Parler de nouvelle dynamique pourrait laisser supposer que l’ancienne a épuisé ses effets. C’est donc par là que nous commencerons en revenant sur "l’objet" Attac puis en abordant les questions liées à son fonctionnement. Enfin nous terminerons par les enjeux actuels. Si nous centrons nos propos sur Attac France, nous ne perdons pas de vue que notre association s’intègre dans des mouvements plus vastes, le mouvement Attac international et le mouvement altermondialiste, qui sont confrontés à des problèmes en partie similaires.

La dynamique d’Attac est-elle épuisée ?

Pour répondre à cette question, il est nécessaire de voir d’où l’on vient et d‚analyser les évolutions en cours. Le néolibéralisme a connu une période de domination totale, non seulement par les politiques menées par les différents gouvernements et les institutions internationales, mais aussi sur le plan idéologique. La situation actuelle est beaucoup plus contrastée.

Attac, et plus globalement le mouvement altermondialiste, ont été porteurs de trois avancées. Le mouvement a d’abord permis que s’exprime politiquement un refus fondamental du néolibéralisme, tant par les manifestations de masse qu’il a été capable d’organiser à travers le monde que par le processus des Forums sociaux. Il a commencé à faire émerger l‚idée qu’un autre monde est possible, mettant en avant des valeurs communes - la régulation par les droits, la démocratie participative, le progrès social -, se traduisant par de nombreuses propositions concrètes, applicables immédiatement et dessinant des esquisses d‚alternatives. Il a ainsi opéré un début de reconquête des esprits, certes fragile, mais décisif.

Ce processus explique l’élargissement considérable du mouvement altermondialiste, l’agrégation continue de forces nouvelles en son sein, chacune y entrant avec son histoire, ses préoccupations, ses orientations. En France, Attac a joué un rôle moteur dans ce processus. Son apport principal a été d’essaimer ses idées et d’avoir été la force d’entraînement qui a permis d’élargir et d’accélérer la prise de conscience dans la société.

Cependant l’offensive néolibérale se poursuit et, sous de nombreux aspects, s’approfondit. Il est inutile de développer ce point, tant les exemples abondent. Mais cette offensive se déploie dans une situation marquée par la prise de conscience par des secteurs de plus en plus larges des opinions publiques des méfaits des politiques néolibérales, des impasses et des catastrophes auxquels aboutissent les processus de marchandisation tous azimuts engendrés par le capitalisme néolibéral. Si une brèche à été ouverte, personne n‚a réussi à construire les rapports de force nécessaires pour bloquer cette offensive ni à peser durablement sur les politiques publiques. Il est donc plus que jamais nécessaire de continuer la bataille d’idées et la construction de convergences dans cette perspective.

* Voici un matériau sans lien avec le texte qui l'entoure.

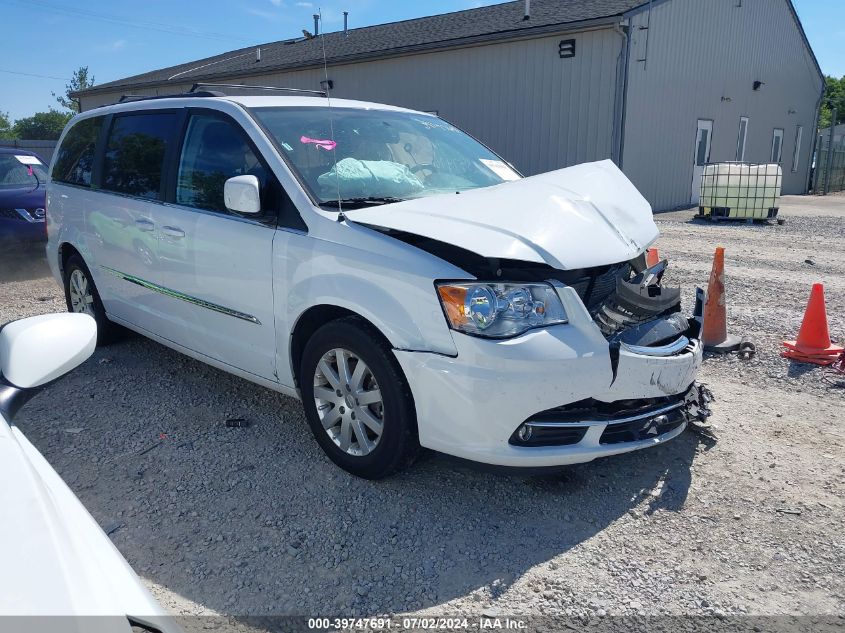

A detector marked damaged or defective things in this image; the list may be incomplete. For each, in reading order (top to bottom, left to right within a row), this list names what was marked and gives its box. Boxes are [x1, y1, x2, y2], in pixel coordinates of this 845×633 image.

crumpled hood [348, 160, 660, 270]
broken headlight assembly [436, 282, 568, 338]
damaged front end of van [346, 160, 708, 466]
damaged front grille surround [508, 382, 712, 446]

C’est ce qui justifie à nos yeux la nécessité d’une nouvelle dynamique pour Attac et plus largement pour le mouvement altermondialiste. En définissant Attac comme "un mouvement d’éducation populaire tourné vers l’action", nous avions donc parfaitement identifié les trois axes de notre combat : déconstruire l’idéologie néolibérale, élaborer des alternatives et construire les rapports de force pour imposer des orientations nouvelles. Cette triple perspective reste valide, même si elle doit se déployer dans un contexte nouveau, ce qui implique pour Attac un rebond.

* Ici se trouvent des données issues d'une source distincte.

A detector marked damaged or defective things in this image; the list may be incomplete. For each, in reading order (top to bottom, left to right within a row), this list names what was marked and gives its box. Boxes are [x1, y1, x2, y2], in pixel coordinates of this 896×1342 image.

Loin d’être obsolète, le projet initial d’Attac garde toute sa pertinence. Nous avons ici une première condition pour une "nouvelle dynamique" : celle-ci ne pourra se construire que sur la base de notre identité de mouvement d’éducation populaire tourné vers l’action. C’est à partir d’elle que nous pourrons rassembler et agir.

Attac, une diversité porteuse d’espoir

La spécificité d’Attac a souvent été décrite, mais il importe d’y revenir car elle constitue un des enjeux du débat actuel. Attac regroupe des individus et des organisations assez divers tant sur le plan politique et idéologique que sur celui des préoccupations immédiates et des orientations concrètes. Une grande partie de l’impact d’Attac dans la société vient de sa capacité à fédérer ces différences, non à les fondre, mais à les dépasser en vue d’un combat commun sur la base de valeurs partagées.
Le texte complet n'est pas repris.